Pas facile pour un entrepreneur d’obtenir l'accord des fonds d'investissement pour faire un peu de cash-out en ce moment. C’est ce que constate Romain Cottard, partner chez Ader Finance. Habitué des levées de fonds pour des startups série A et B (avec des tours entre 3 et 25 millions d'euros) et des transactions M&A entre 5 et 50 millions d’euros, ce banquier d’affaires constate que : « le sujet du cash-out revient dans les discussions tripartites avec les entrepreneurs et les investisseurs. 80 % des entrepreneurs que nous accompagnons souhaitent cash-outer, c'est-à-dire qu’ils veulent vendre une partie de leurs actions de façon à récupérer de la liquidité rapidement … »
Pourquoi ? « Les fondateurs, souvent rémunérés entre 75 et 100.000€ par an et entre 100 et 150.000 euros en série B, travaillent 15h par jour pour leur société, estiment que leur salaire ne correspond pas à leur implication et au coût de la vie parisienne… L’un d’entre eux nous a avoué ne pas dormir la nuit par anxiété de ne pas pouvoir payer la nounou le mois prochain… »
Comprendre la situation personnelle de l’entrepreneur
Or les temps ont changé : jusqu'à la mi-2022, les valorisations des sociétés étaient beaucoup plus hautes et l’argent coulait à flot dans l'écosystème. « Il pouvait y avoir des gros cash out y compris en série A. Il nous arrivait régulièrement de voir des entrepreneurs sortir 500.000€ ou 700.000€. Aujourd’hui, ces opérations sont beaucoup plus compliquées. Les investisseurs se montrent beaucoup plus frileux, estimant que tout l'argent investi devrait servir à développer la société et non partir dans la poche du fondateur, d’autant qu’ils ne savent pas encore si la startup va être un succès…. Ils sont donc beaucoup plus mesurés sur les montants (jusqu'à 100k€ /150k€ par fondateur). Dans un des derniers deals qu'on a intermédié, un VC de premier plan a refusé mordicus à des fondateurs un cash-out de 125k€ chacun lors d'une Serie A de plusieurs millions d'euros au motif que la boîte était trop jeune. On n’a pas réussi à les faire changer d'avis… », regrette Romain Cottard qui estime que la communication est essentielle pour comprendre la situation personnelle de l’entrepreneur et ses motivations (comme financer les nounous ou acheter un appartement plus grand à la naissance d’un enfant) et prendre la meilleure décision avec bienveillance.
« Si le cash-out permet de remettre une pièce dans la machine… »
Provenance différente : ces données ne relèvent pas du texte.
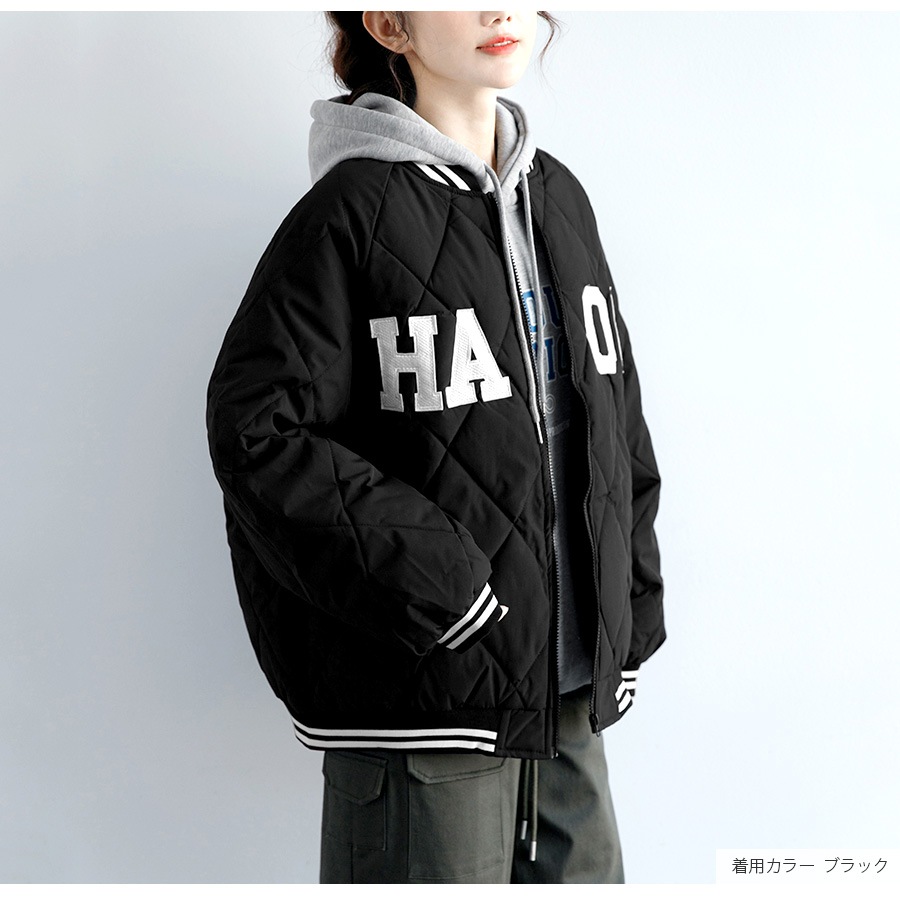 ダウン キルティング アウター ブルゾン スタジャン ダウンジャケット ジャンパー コート ショート丈 長袖 中綿 あったか 羽織 冬 秋 春 カジュアル ストリート スポーティ 韓国ファッション 大人 レディース 新作 ブラック ベージュ S M L JOCOSA 8397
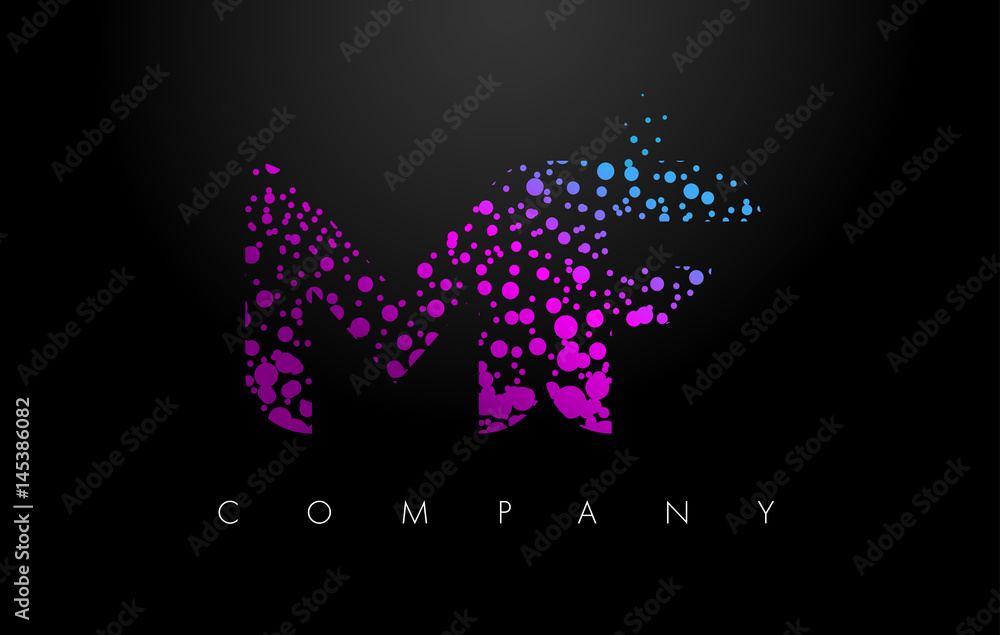 MF M F Letter Logo with Purple Particles and Bubble Dots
Chez Citizen Capital, dont le fonds Growth à impact gère des tours de table de Serie B et plus, Mehdi Belkahla confirme cette évolution des trois dernières années. « Aujourd'hui, dans un univers de financement plus restreint, les investisseurs sont plus attentifs aux contours des deals… », explique le directeur d’investissement, qui rappelle que le fonds n’a pas de dogme sur la question. « Une petite de cash-out pour les dirigeants peut faciliter la réalisation des opérations. Cela peut être un élément de motivation pour des dirigeants qui, parfois, ont travaillé sur leur projet depuis 10 ans sans réellement percevoir le fruit de leur investissement et de leur travail. Si le cash-out permet de remettre une pièce dans la machine et de réengager le fondateur dans un nouveau chapitre, c'est un bon instrument gagnant-gagnant… »
Toute proportion gardée. « Evidemment, comme tout fonds d'investissement, nous sommes attentifs à ce que les intérêts du nouvel entrant et les dirigeants soient alignés. Il ne faut pas que le cash-out soit trop important pour garder les fondateurs motivés. »
Quelle est la proportion idéale ? « Tout dépend de la taille de l'opération, de l’historique capitalistique de levée de fonds de la société (soit les fonds investis par des actionnaires dans la startup en amont), de la répartition entre le cash-out et le cash-in. Dans des sociétés où les managers sont déjà très dilués, il y a un enjeu fort à les maintenir à un niveau acceptable de capitalisation pour les motiver. Au contraire, des boîtes qui ont été plutôt efficientes dans leur développement et qui ont très peu levé, là il y a une possibilité de négocier un cash-out plus important. »
Et en cas de refus de l’investisseur, que doit faire l’entrepreneur ? « Ne pas se braquer. Et viser le prochain tour d’investissement… », conseille Romain Cottard.